The Problem: Full Table Scans

Without an index, MySQL has one strategy for finding data: read every single row in the table and check if it matches your condition. This is called a full table scan.


-- Find a customer by email
SELECT * FROM customers WHERE email = 'alice@example.com';

With 10 rows, this is fine — MySQL checks all 10 and responds instantly. But with 5 million rows, MySQL reads all 5 million to find one match. That's like reading every page of an encyclopedia to find one topic instead of using the index in the back.
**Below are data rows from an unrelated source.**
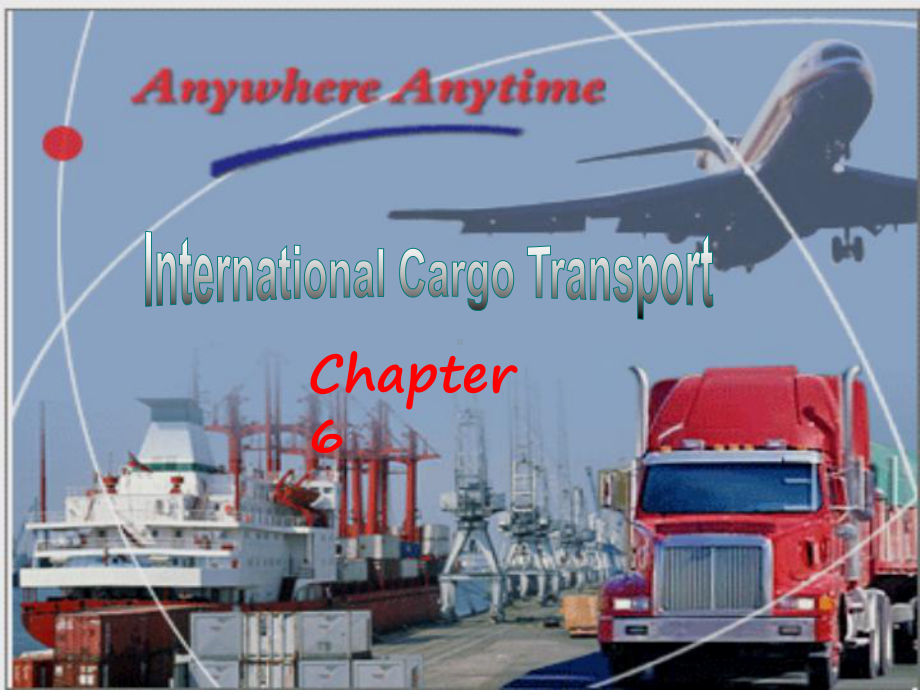 国际货物运输InternationalCargoTranport-课件.ppt_第1页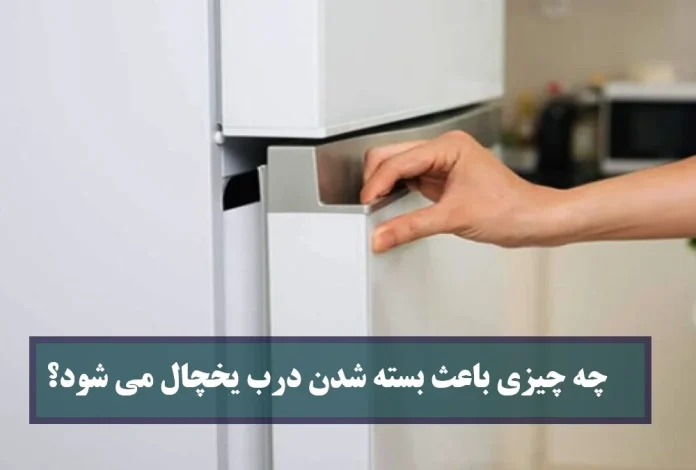 یخچال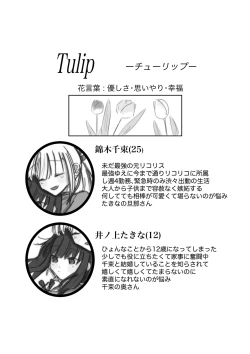 Page 4 of Tulip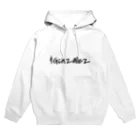 &ゴンザレス　コウキチの&ゴンザレス Hoodie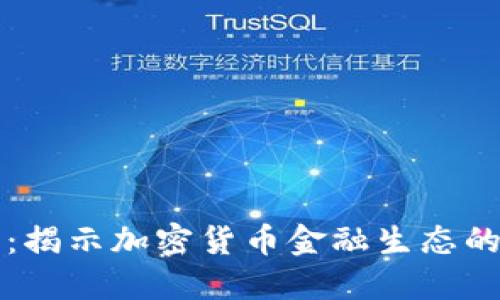 拥抱未来:揭示加密货币金融生态的无限可能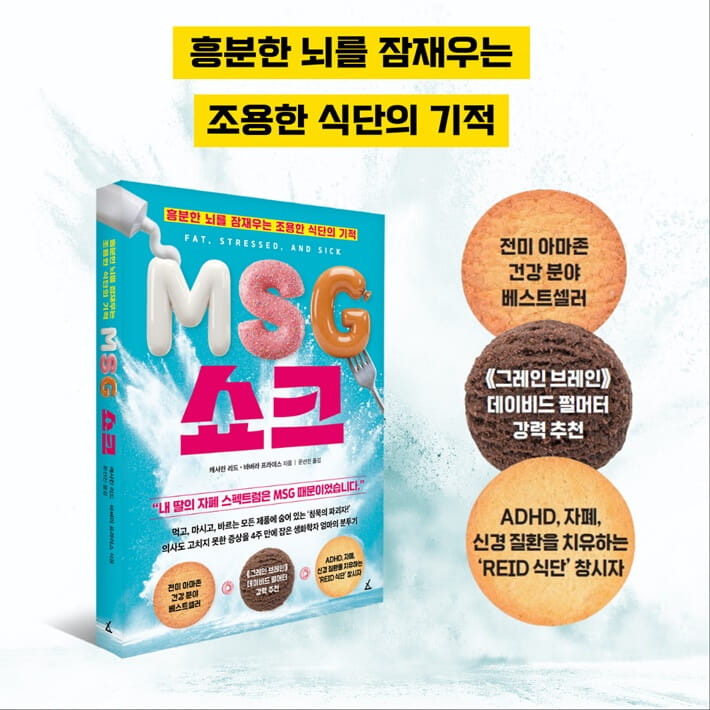 카드뉴스5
graph LR subgraph scan["Full Table Scan (no index)"] R1["Row 1 ❌"] --> R2["Row 2 ❌"] --> R3["Row 3 ❌"] --> R4["...millions more..."] --> RN["Row N ✅ Found!"] end subgraph lookup["Index Lookup"] I["Index"] -->|"Jump directly"| RN2["Row N ✅ Found!"] end

What Is an Index?

A database index is a separate data structure (usually a B-tree) that stores a sorted copy of one or more columns along with pointers back to the full rows. Think of it like the index at the back of a textbook — instead of flipping through every page, you look up "JOINs" in the index, find "page 247," and go straight there.

graph TD subgraph btree["B-Tree Index on email"] Root["d..."] Left["a... – c..."] Right["d... – z..."] L1["alice@..."] L2["bob@..."] L3["carol@..."] L4["dave@..."] L5["zara@..."] Root --> Left Root --> Right Left --> L1 Left --> L2 Left --> L3 Right --> L4 Right --> L5 end

How It Speeds Things Up

Instead of scanning every row, MySQL navigates the B-tree in O(log n) time. For a table with 1 million rows, a full scan checks 1,000,000 rows. A B-tree lookup checks roughly 20. That's the difference between waiting 5 seconds and waiting 5 milliseconds.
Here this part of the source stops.